## WHAT NEEDS TO BE DONE
How many of the lines below include the word "Lincoln"? Only the number should be given.

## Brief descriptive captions
/---
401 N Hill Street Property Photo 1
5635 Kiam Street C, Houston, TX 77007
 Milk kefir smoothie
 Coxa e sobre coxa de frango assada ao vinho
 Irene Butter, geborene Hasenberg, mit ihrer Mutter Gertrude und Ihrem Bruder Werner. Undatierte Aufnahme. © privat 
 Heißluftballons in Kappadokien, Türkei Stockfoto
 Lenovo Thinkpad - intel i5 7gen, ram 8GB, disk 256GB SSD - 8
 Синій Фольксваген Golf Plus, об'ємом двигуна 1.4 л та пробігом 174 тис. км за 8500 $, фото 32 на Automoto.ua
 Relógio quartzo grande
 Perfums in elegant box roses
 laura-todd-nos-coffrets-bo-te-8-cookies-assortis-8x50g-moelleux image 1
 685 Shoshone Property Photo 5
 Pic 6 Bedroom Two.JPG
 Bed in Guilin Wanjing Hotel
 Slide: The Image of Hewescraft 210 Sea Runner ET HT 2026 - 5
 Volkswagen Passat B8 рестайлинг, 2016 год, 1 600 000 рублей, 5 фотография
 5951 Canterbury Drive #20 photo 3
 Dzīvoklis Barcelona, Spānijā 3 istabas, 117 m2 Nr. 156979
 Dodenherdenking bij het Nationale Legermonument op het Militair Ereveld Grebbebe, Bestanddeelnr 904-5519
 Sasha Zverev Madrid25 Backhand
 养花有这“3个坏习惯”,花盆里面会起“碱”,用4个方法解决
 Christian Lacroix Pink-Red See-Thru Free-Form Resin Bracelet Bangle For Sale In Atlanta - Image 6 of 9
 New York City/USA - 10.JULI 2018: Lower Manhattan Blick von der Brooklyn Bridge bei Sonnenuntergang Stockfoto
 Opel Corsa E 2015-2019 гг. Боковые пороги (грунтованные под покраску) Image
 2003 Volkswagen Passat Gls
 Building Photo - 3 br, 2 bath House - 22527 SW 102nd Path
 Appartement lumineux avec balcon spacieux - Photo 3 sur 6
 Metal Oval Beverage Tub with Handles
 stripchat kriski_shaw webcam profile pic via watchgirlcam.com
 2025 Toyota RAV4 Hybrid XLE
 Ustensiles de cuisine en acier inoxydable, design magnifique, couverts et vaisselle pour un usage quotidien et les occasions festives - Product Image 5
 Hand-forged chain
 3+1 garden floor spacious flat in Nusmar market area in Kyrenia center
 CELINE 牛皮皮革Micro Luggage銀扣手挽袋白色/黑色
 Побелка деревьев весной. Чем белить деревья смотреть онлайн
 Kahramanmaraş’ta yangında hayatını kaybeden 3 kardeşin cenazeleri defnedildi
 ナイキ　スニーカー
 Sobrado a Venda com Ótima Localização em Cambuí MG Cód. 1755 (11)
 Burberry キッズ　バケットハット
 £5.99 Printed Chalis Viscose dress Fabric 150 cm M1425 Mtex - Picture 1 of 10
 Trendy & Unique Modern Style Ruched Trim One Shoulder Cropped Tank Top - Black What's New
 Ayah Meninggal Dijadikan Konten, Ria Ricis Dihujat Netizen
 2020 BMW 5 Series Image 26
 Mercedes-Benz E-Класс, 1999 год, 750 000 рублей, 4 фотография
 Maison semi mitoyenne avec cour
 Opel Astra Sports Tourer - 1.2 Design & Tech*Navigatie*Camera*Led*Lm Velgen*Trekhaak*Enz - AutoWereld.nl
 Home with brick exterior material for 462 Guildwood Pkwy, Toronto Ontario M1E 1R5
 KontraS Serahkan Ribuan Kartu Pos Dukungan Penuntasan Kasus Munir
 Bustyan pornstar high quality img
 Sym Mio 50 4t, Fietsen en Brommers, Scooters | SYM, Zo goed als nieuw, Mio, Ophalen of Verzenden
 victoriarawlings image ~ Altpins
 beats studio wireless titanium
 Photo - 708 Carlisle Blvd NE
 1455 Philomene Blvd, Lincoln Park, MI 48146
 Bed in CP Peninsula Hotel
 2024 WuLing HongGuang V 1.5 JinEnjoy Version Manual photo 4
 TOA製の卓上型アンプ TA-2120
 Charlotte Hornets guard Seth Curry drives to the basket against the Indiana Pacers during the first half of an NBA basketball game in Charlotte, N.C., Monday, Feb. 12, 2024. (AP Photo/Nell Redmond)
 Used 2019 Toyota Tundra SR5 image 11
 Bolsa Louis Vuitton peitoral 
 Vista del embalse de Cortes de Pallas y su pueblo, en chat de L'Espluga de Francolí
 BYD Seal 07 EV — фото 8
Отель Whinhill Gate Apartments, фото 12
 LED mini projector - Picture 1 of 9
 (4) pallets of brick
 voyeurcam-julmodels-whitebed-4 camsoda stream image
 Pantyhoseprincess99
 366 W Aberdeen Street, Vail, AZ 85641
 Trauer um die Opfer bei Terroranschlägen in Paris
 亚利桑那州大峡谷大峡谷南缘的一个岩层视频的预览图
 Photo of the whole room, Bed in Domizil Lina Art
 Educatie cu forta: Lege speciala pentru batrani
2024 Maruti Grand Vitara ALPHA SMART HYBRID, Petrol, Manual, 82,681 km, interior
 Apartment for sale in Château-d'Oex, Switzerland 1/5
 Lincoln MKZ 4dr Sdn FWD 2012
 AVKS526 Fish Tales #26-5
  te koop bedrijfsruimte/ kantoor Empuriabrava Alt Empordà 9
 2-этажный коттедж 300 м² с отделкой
\---
## ANSWER TO THIS EXERCISE
2